Your formulation is 96% water-phase, so you have a water-based product. Your preservative needs to be water soluble.

"...Optiphen is suitable for anhydrous formulations and emulsions... Optiphen is not very water soluble and is therefore NOT recommended for all-water products.... For all-water products ... we recommend Optiphen ND." http://www.theherbarie.com/Optiphen.html

The Gent is right -- you are going to need a solubilizer/emulsifier such as polysorbate 80 to get the essential oil and vitamin E to mix with the water phase. 

Properly made hydrosols may contain trace amounts of essential oil, but a true hydrosol should be 99.99% water phase if the distiller has done her job well. Any trace amount of EO in the rose water should not be a great concern. A lot of people think a hydrosol is a mixture of water + essential oil and that's how some makers fake a real hydrosol ... but this is NOT a hydrosol.

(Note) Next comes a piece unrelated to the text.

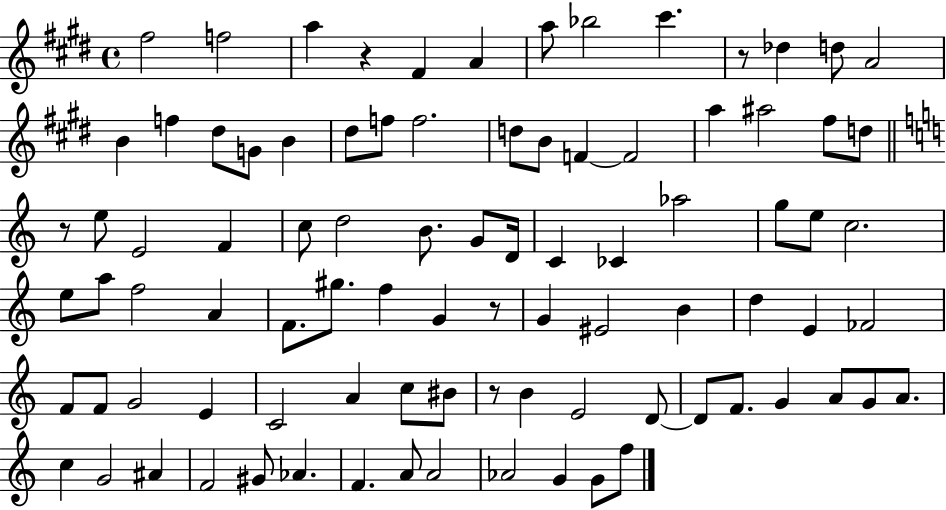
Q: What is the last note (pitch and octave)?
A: F5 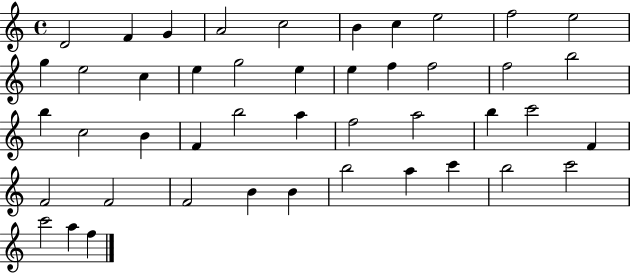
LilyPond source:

ETA -- is the witch hazel the drug store stuff that contains alcohol -- or is it a true hydrosol? If it contains alcohol, that could alter how your ingredients work together. Not saying the alcohol will cause trouble -- just saying it's something to keep in mind.


----------



## Jarrah (Feb 24, 2016)

thanks for all the input 
I wasn't going to use an emulsifier. I was happy to shake before using. or is this a no no?
optiphen *plus* is a water soluble preservative 
http://swiftcraftymonkey.blogspot.com.au/2010/10/preservatives-optiphen-plus.html
I didn't want to use germal plus because it produces formaldehyde unlike the optiphen plus
I have just read that it may solidify at temperatures below 77F  if this occurs gently heat at 104 to 122F and stir to ensure homogeneity
https://www.ingredientstodiefor.com/item/Optiphen_PLUS/87/
I'm going to heat the roswater and then add the optiphen plus and add the oils after the preservative

doesn't wich hazel naturally contain 14% alcohol?
http://www.whazel.com/content/witch_hazel_usp_specification


----------



## DeeAnna (Feb 24, 2016)

I missed the plus on the optiphen. My apologies.

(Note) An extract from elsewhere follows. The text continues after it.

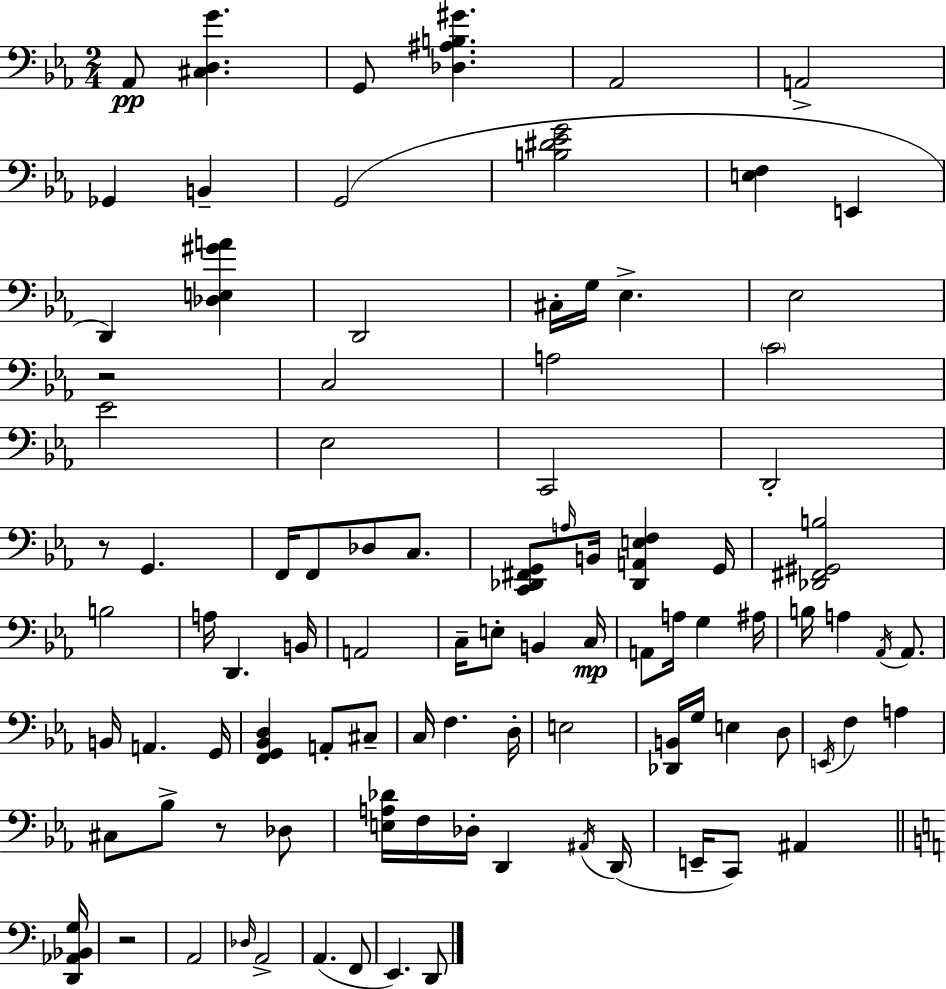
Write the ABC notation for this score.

Witch hazel can be an extract/infusion or a hydrosol. The extract is much more common and is the usual thing you find in drug stores. But you say you're using rose water which isn't a common item, so that raised the question in my mind whether you are also using witch hazel hydrosol, which does not necessarily contain any alcohol. http://www.naturesgift.com/product/witch-hazel-hydrosol-1-oz/

If you are going to use a water based spray with EOs but no emulsifier/solubilizer, yes, you can shake the mixture and quickly spray. The EO (and vitamin E) will separate out of the mix rather quickly however, so as you use more and more of the mixture, the concentration of the rose geranium EO is likely to increase in the remaining mixture to the point where it could be unpleasant to use. If you are using it yourself, by all means do what you think is best. If you think others may use the product, however, a solubilizer will ensure the product is consistent throughout its useful life.


----------



## Nanda (Mar 10, 2016)

I would check to see if the rose water and witch hazel already are preserved, they normally are when purchased from suppliers. If that's the case then no need to add any additional Optiphen. Also, try maybe adding a polysorbate (20 should be enough) to solibilize the oils and vit E


----------